35. The centrifuge of claim 29, wherein the one or more electrical loads include the actuator, wherein the actuator is a solenoid valve or an electrically actuatable control valve.

36. The centrifuge of claim 29, wherein the one or more electrical loads include the actuator, wherein the actuator is a solenoid valve or an electrically actuatable control valve configured to open or close solids discharge openings of the rotatable drum or to change a cross-section of one or more solids discharge openings of the rotatable drum.

37. The centrifuge of claim 24, wherein the rotatable drum comprises an inlet and at least two different outlets.

38. The centrifuge of claim 24, wherein the rotatable drum has a vertical axis of rotation.

39. The centrifuge of claim 24, wherein the rotatable drum has single or double conical configuration on an inside or an outside.

40. The centrifuge of claim 24, wherein the centrifuge is configured as a disc separator or as a solid drum screw centrifuge.

41. The centrifuge of claim 29, wherein the one or more electrical loads include the transmitting unit, the receiving unit, or the transmitting and receiving unit, and wherein the transmitting unit, the receiving unit, or the transmitting and receiving unit are arranged on or in the rotatable rotor.

42. The centrifuge of claim 41, wherein the transmitting unit, the receiving unit, or the transmitting and receiving unit comprises an antenna projecting from the rotatable rotor and is configured for wireless communications.

43. The centrifuge of claim 42, further comprising:

a corresponding transmitting unit, receiving unit, or transmitting and receiving unit arranged on the stationary assembly and configured for wireless communication.

44. The centrifuge of claim 43, wherein the corresponding transmitting unit, receiving unit, or transmitting and receiving unit is connected to a control device that controls the centrifuge.

45. The centrifuge of claim 24, further comprising:

solids discharge nozzles,

wherein the one or more electrical loads include an electrically controllable device that varies a nozzle cross-section of the solids discharge nozzles,

wherein the electrically controllable device is an electrically adjustable nozzle needle that is movable into a passage cross-section of the solid discharge nozzles, wherein a remaining passage cross-section of the solid discharge nozzles can be varied, or an impact body that is pushed electrically adjustably in front of nozzle opening of the solids discharge nozzles to form a gap with variable gap width.

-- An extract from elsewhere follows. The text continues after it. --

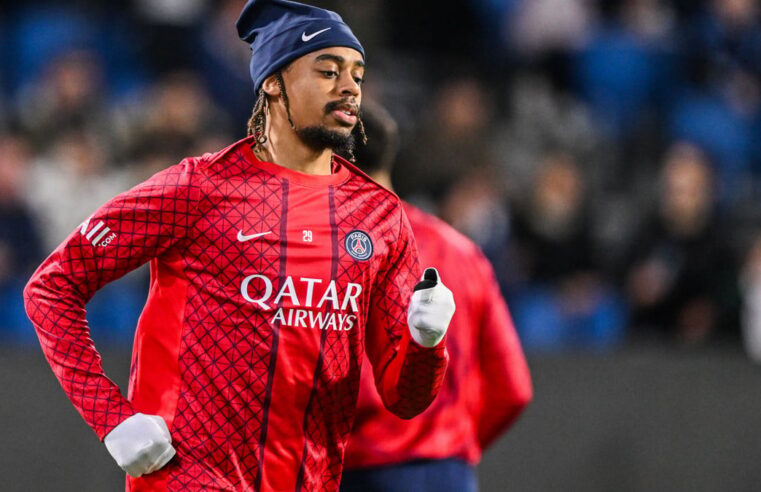 La situation de Bradley Barcola au PSG : une question d&rsquo;avenir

46. The centrifuge of claim 24, wherein the rotatable drum has a hydraulically actuatable piston slide valve configured to open and close one or more solids discharge openings of the rotatable drum, wherein hydraulic fluid is dischargeable from a control chamber on or under the hydraulically actuatable piston slide valve by one or more electromechanical valves as one of the one or more electrical loads, wherein the electromechanical valves are arranged on or in the rotating drum to open the hydraulically actuatable piston slide valve.